RFK Rankings · Sun Valley

Best Restaurants to Impress Clients in Sun Valley (2026)

Impress Clients · Sun Valley · 8 tables ranked · Updated June 2026

Compiled by the Restaurants for Kings editorial team · Published June 8, 2026 · Updated June 12, 2026 · Reviewed by Fredrik Filipsson, Editor-in-Chief · How we rank · Corrections

A client flown into a resort town in Idaho is already paying attention, and the room you choose tells them if you planned the trip or improvised it. There is no Michelin guide here, so the work falls to reputation and story: the Sun Valley Lodge has been hosting film stars and executives since 1937, downtown Ketchum holds a cluster of rooms that have run since the 1990s, and one of the best tables in the valley is reached only by gondola. A client dinner here is less about the cuisine than about the signal, a recognised address, a hard-to-improvise plan, and a wine list handled with care. These eight, ranked, are the rooms that do the impressing for you.

1.The Ram

Heritage American · Sun Valley Lodge · live piano

The Lodge name a client recognises, a pianist, and the famous Ram fondue. Book it for the big client dinner.

The Ram is the room that carries the most weight in the valley, the Sun Valley Lodge dinner house that has run since 1937 and hosted the kind of guest a client wants to feel they have joined. Recently modernised but still rustic-elegant, it keeps a baby grand piano played nightly by Larry Harshbarger and a Heritage Menu that runs from a pork schnitzel and Hungarian goulash to wagyu, with the celebrated Ram fondue as the centrepiece, around $70 to $130 a head. For impressing a guest it is the safe, strong call: a recognised address, a kitchen with a long record, and a room that signals you planned. Reserve a week or two ahead through the resort, ask for a table away from the piano if you need to talk, and order the fondue for the table.

Book The Ram through Sun Valley Resort; order the fondue.

2.Michel's Christiania

Classic French · 303 Walnut Avenue, Ketchum · since 1994

Ketchum's long-running French room from chef Michel Rudigoz, calm and formal. Reserve it for a first formal meeting.

Michel's Christiania is the most formal table on this list, the French dining room chef Michel Rudigoz, a former US Ski Team coach, has run on Walnut Avenue in Ketchum since 1994. The kitchen holds to classics a client trusts, a rack of lamb, a Dover sole, a tableside Caesar, with a serious wine list and an Olympic Bar beside it, at around $60 to $120 a head. For impressing a guest it works through polish rather than novelty: a quiet, candle-lit room that reads as a considered choice and stays calm enough to hold a real conversation. Reserve it for a first formal meeting, book a corner table well ahead, and let the sommelier set the wine before the client arrives.

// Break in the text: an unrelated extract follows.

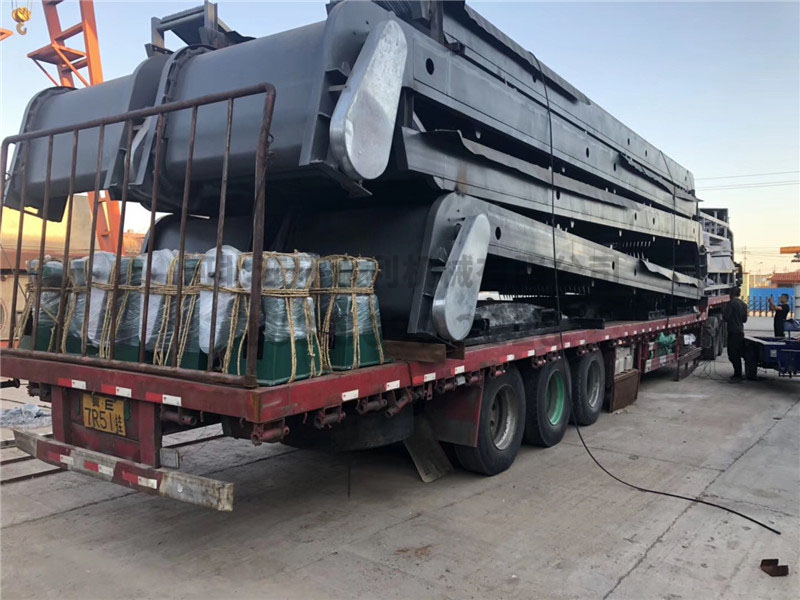 回转式格栅清污机装车发货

Book Michel's Christiania direct; ask for a corner table.

3.The Roundhouse

Alpine prix fixe · Bald Mountain, 7,700 ft · gondola access

A gondola ride to a 1939 lodge and a four-course dinner over the valley. Take a client who wants an event.

The Roundhouse is the table that becomes the story, an octagonal alpine lodge built in 1939 at 7,700 feet on Bald Mountain, reached by the Roundhouse Express gondola, with forty-six windows over the Wood River valley. Dinner is a four-course prix fixe at around $125 a head, and the reservation includes the gondola ride up at dusk. For impressing a visiting client it is the move that no downtown room can match: a guest rarely expects to ride a gondola to dinner, and the trip up the mountain does the impressing before the first course lands. Take a client who wants an event rather than a quiet meal, book a Friday or Saturday since dinner runs only on weekend nights, and time the ride for sunset.

Book The Roundhouse for a weekend; the gondola is included.

4.Vintage

New American · 231 Leadville Avenue, Ketchum · cabin room

An intimate cabin room with an organic, market-led kitchen, the sleeper pick locals love. Take a client who values discovery.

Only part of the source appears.